Division of Biostatistics and Bioinformatics, Institute of Population Health Sciences, National Health Research Institutes, Miaoli County, Taiwan, ROC.
PLoS One. 2013 Aug 7;8(8):e71114. doi: 10.1371/journal.pone.0071114. Print 2013.
Advances in next-generation sequencing technologies have enabled the identification of multiple rare single nucleotide polymorphisms involved in diseases or traits. Several strategies for identifying rare variants that contribute to disease susceptibility have recently been proposed. An important feature of many of these statistical methods is the pooling or collapsing of multiple rare single nucleotide variants to achieve a reasonably high frequency and effect. However, if the pooled rare variants are associated with the trait in different directions, then the pooling may weaken the signal, thereby reducing its statistical power. In the present paper, we propose a backward support vector machine (BSVM)-based variant selection procedure to identify informative disease-associated rare variants. In the selection procedure, the rare variants are weighted and collapsed according to their positive or negative associations with the disease, which may be associated with common variants and rare variants with protective, deleterious, or neutral effects. This nonparametric variant selection procedure is able to account for confounding factors and can also be adopted in other regression frameworks. The results of a simulation study and a data example show that the proposed BSVM approach is more powerful than four other approaches under the considered scenarios, while maintaining valid type I errors.

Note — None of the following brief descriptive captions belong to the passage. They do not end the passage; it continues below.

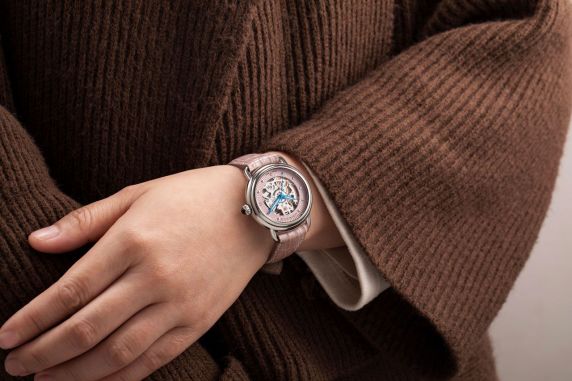 Aerowatch 1942 Lady Automatic A 60960 AA20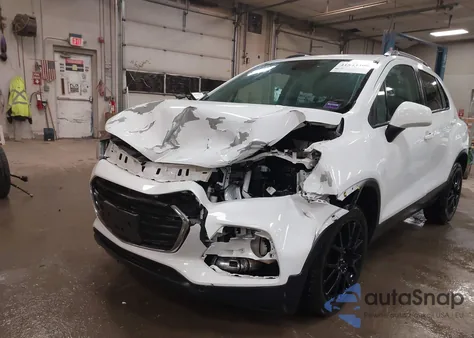 2022 Chevrolet Trax Awd Lt from USA, damaged, VIN KL7CJPSM0NB537074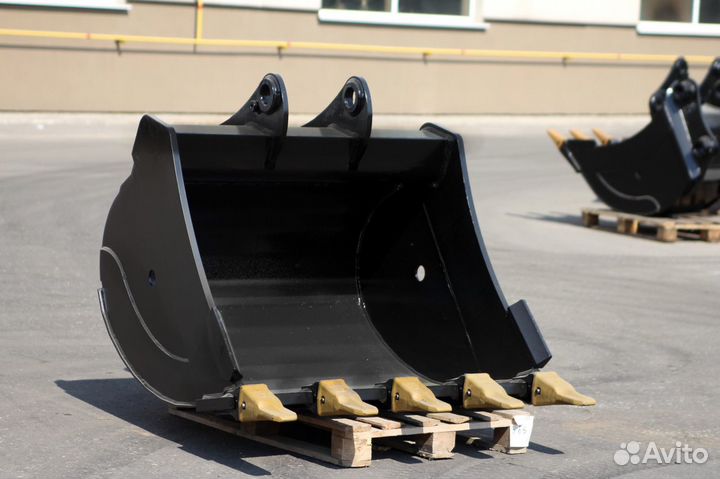 Ковш стандартный для Hitachi ZX200 в наличии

下一代测序技术的进步使得鉴定出多种与疾病或特征相关的罕见单核苷酸多态性成为可能。最近已经提出了几种用于鉴定导致疾病易感性的罕见变异体的策略。这些统计方法的一个重要特点是将多个罕见的单核苷酸变异体进行pooling 或合并,以达到合理的高频率和效应。然而,如果pooled 的罕见变异体与性状呈不同方向相关,那么pooling 可能会削弱信号,从而降低其统计功效。在本文中,我们提出了一种基于后向支持向量机(BSVM)的变异选择程序,用于鉴定有意义的与疾病相关的罕见变异体。在选择过程中,根据罕见变异体与疾病的正相关或负相关,对它们进行加权和合并,这些变异体可能与常见变异体以及保护性、有害性或中性效应的罕见变异体相关。这种非参数变异选择程序能够考虑混杂因素,也可以应用于其他回归框架。模拟研究和一个数据实例的结果表明,在考虑的场景下,与其他四种方法相比,所提出的 BSVM 方法更有效,同时保持有效的Ⅰ型错误率。